* _What this task involves_: Every line from the one with "May include: Two" through the end of the material below, both ends included, should be transcribed exactly, without pictures.

** Data below follows **

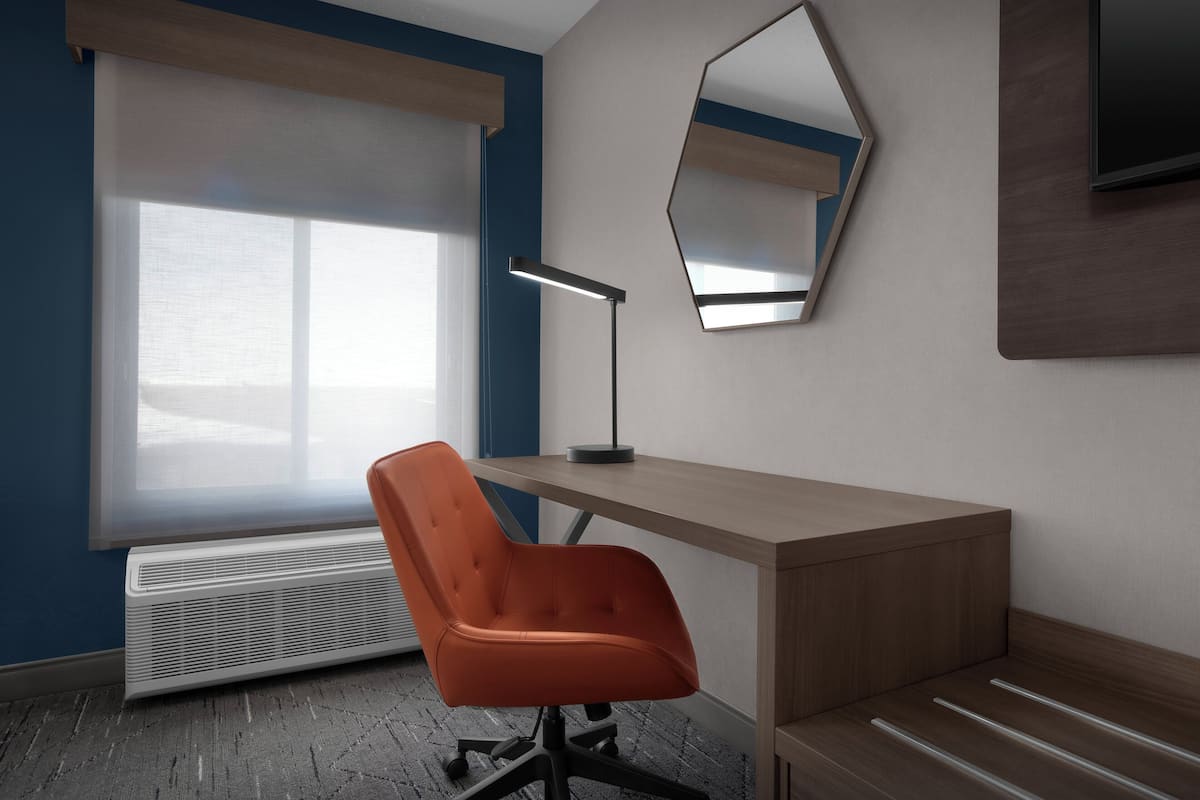 A modern office space with a desk, chair, and a large window with blinds.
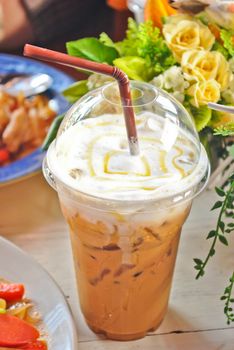 Cup of ice coffee on wooden table.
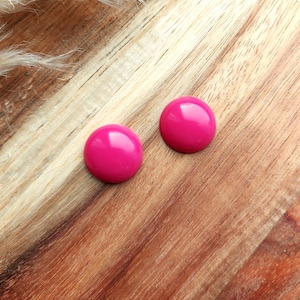 May include: Two bright pink round stud earrings on a wooden surface.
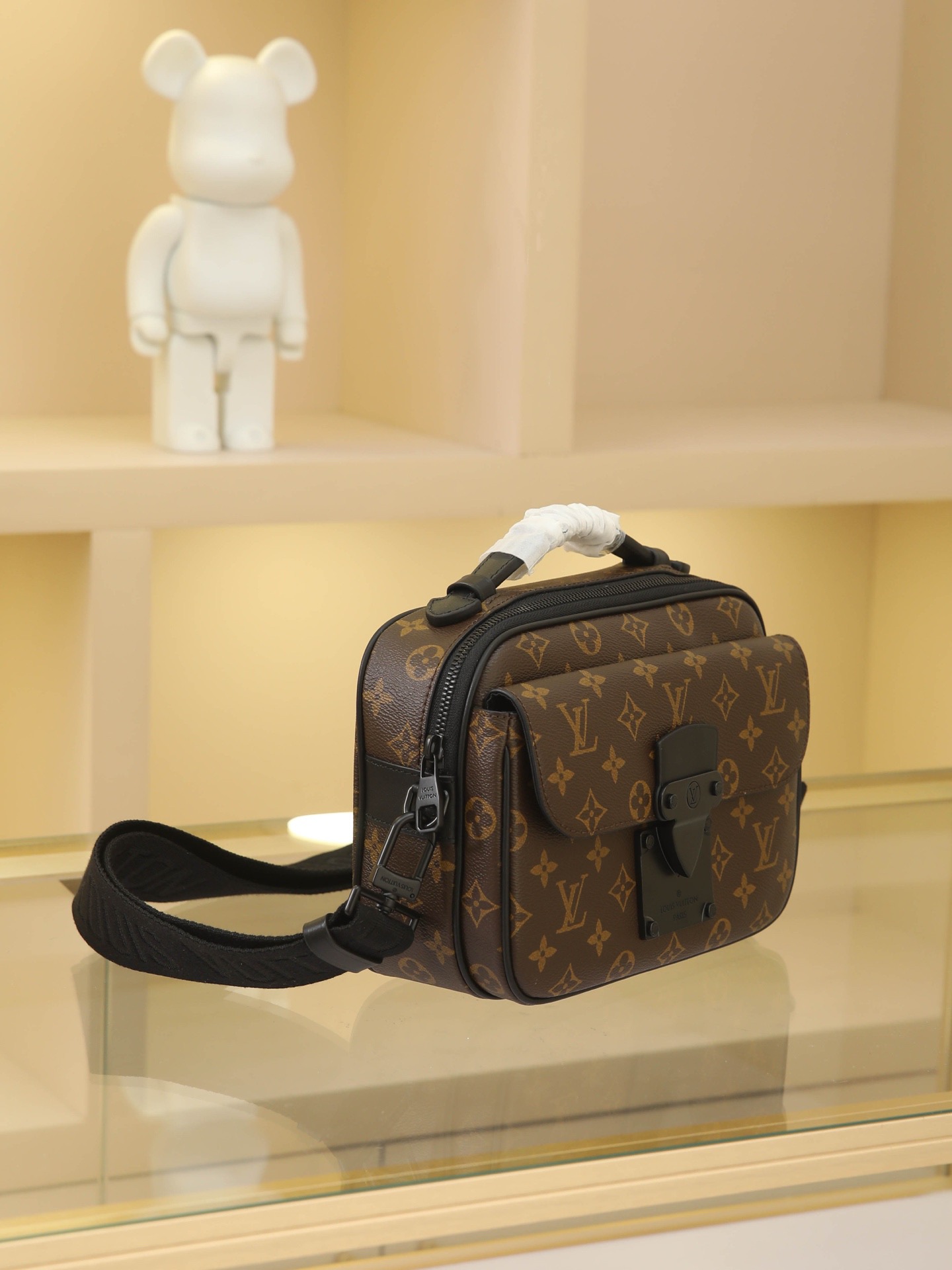 This S Lock messenger bag is crafted from Monogram Macassar canvas, featuring a new lock inspired by Georges Vuitton's 1886 trunk lock design. A special finishing process lends this magnetic metal lock a striking, modern look. It also includes a spacious zippered compartment, trunk-style leather handles, and an LV monogram shoulder strap, combining style with ease of use.Monogram Macassar coated canvas with Epi leather trim and matte black metal hardware lining - Leather handles with V-stitching and embossed logo - S-shaped magnetic clasp - Large front pocket - Large zippered compartment - Interior slip pocket - Detachable, adjustable shoulder strap!! Dimensions: 22x18x8CM - Image 2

** End of Data below **

* _Solution_:
 May include: Two bright pink round stud earrings on a wooden surface.
 This S Lock messenger bag is crafted from Monogram Macassar canvas, featuring a new lock inspired by Georges Vuitton's 1886 trunk lock design. A special finishing process lends this magnetic metal lock a striking, modern look. It also includes a spacious zippered compartment, trunk-style leather handles, and an LV monogram shoulder strap, combining style with ease of use.Monogram Macassar coated canvas with Epi leather trim and matte black metal hardware lining - Leather handles with V-stitching and embossed logo - S-shaped magnetic clasp - Large front pocket - Large zippered compartment - Interior slip pocket - Detachable, adjustable shoulder strap!! Dimensions: 22x18x8CM - Image 2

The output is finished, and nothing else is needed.